TARAKAN – Longsor yang terjadi pada 5 September lalu, diduga dampak cuaca ekstrem. Informasi yang diperoleh, longsor merusak sekira 200 meter badan jalan.
Musibah ini berdampak pada aktivitas warga. Karena akses jalan yang menghubungkan Kecamatan Krayan Induk dengan Krayan Selatan, terputus. Wakil Ketua DPRD Kaltara Andi M Akbar MD, S.E, M.M mengungkapkan, longsor juga menyebabkan jembatan yang menghubungkan Desa Long Layu dan Pa Upan sepanjang 15 meter rusak.
“Kita dari DPRD pasti prihatin kalau ada longsor seperti ini. Tapi inikan faktor cuaca, hujan saya dengar ekstrem sampai dua hari. Akhirnya jalanan juga jadi longsor,” jelasnya, Kamis (15/9).
Anggota DPRD Kaltara Fraksi Hanura ini sudah meminta Pemprov Kaltara. Dalam hal ini dinas terkait, segera melakukan upaya, agar masyarakat bisa kembali beraktivitas. Ia meminta BPBD dan Dinas Pekerjaan Umum, Penataan Ruang, Perumahan dan Kawasan Permukiman, harus segera melihat kondisi masyarakat di sekitar lokasi kejadian.

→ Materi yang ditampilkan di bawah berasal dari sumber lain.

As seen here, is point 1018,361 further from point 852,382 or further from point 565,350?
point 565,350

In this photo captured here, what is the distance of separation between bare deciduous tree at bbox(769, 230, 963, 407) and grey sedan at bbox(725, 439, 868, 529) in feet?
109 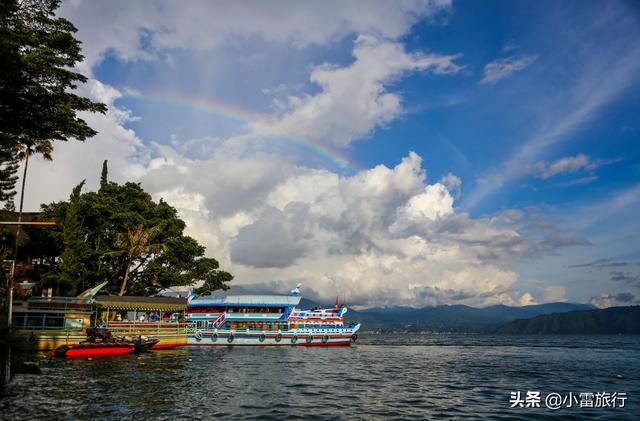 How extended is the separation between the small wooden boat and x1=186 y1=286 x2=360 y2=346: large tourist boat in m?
18.5

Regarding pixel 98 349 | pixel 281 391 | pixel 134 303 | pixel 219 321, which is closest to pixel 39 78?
pixel 281 391

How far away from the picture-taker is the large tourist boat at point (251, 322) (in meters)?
61.4

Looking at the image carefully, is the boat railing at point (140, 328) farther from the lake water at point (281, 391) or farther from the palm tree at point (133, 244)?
the lake water at point (281, 391)

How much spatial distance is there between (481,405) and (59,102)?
944 inches

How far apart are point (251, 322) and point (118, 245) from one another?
2128 cm

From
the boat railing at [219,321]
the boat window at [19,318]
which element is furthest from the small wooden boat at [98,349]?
the boat railing at [219,321]

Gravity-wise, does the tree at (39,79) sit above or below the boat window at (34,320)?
above

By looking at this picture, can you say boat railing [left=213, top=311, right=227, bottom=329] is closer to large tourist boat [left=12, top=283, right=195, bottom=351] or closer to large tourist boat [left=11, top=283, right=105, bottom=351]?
large tourist boat [left=12, top=283, right=195, bottom=351]

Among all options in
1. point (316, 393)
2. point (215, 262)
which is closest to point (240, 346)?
point (215, 262)

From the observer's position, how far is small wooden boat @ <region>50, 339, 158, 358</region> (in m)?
37.2

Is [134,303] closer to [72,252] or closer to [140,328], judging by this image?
[140,328]

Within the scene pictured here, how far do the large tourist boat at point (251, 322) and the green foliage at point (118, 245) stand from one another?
11.8 feet

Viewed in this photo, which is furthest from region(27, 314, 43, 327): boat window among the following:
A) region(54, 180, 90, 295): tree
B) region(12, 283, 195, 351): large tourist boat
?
region(54, 180, 90, 295): tree

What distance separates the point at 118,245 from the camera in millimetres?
55969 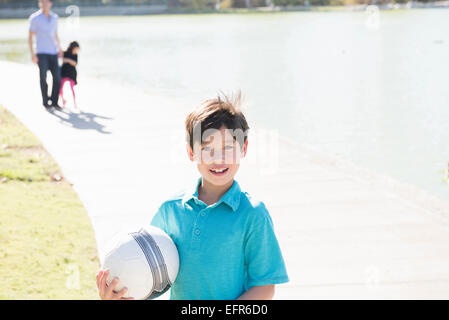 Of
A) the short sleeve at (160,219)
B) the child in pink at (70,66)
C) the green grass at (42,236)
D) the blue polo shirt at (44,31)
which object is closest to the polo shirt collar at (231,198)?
the short sleeve at (160,219)

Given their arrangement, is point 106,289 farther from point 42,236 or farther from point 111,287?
point 42,236

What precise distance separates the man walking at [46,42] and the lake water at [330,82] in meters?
3.83

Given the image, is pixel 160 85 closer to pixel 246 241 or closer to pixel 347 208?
pixel 347 208

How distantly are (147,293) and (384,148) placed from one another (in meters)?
8.89

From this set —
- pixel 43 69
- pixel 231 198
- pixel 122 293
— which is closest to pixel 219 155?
pixel 231 198

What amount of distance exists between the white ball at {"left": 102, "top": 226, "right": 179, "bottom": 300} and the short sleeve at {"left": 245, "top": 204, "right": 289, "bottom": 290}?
33 centimetres

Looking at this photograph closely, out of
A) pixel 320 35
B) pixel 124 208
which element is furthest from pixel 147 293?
pixel 320 35

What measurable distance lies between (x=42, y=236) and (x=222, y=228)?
3.96 m

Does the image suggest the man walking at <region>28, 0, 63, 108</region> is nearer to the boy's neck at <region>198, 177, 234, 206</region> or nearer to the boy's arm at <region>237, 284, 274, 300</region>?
the boy's neck at <region>198, 177, 234, 206</region>

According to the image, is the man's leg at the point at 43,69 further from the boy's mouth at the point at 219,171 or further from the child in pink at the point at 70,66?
the boy's mouth at the point at 219,171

Bahkan jika perlu, tegas Andi Akbar, Pemprov Kaltara dapat menganggarkan pada tahun depan, bila harus dilakukan perbaikan jalan. “Jika kondisinya termasuk bencana, Pemprov Kaltara bisa mengeluarkan anggaran tanggap darurat untuk memperbaiki jalan agar kembali terhubung,” pintanya. (kn-2)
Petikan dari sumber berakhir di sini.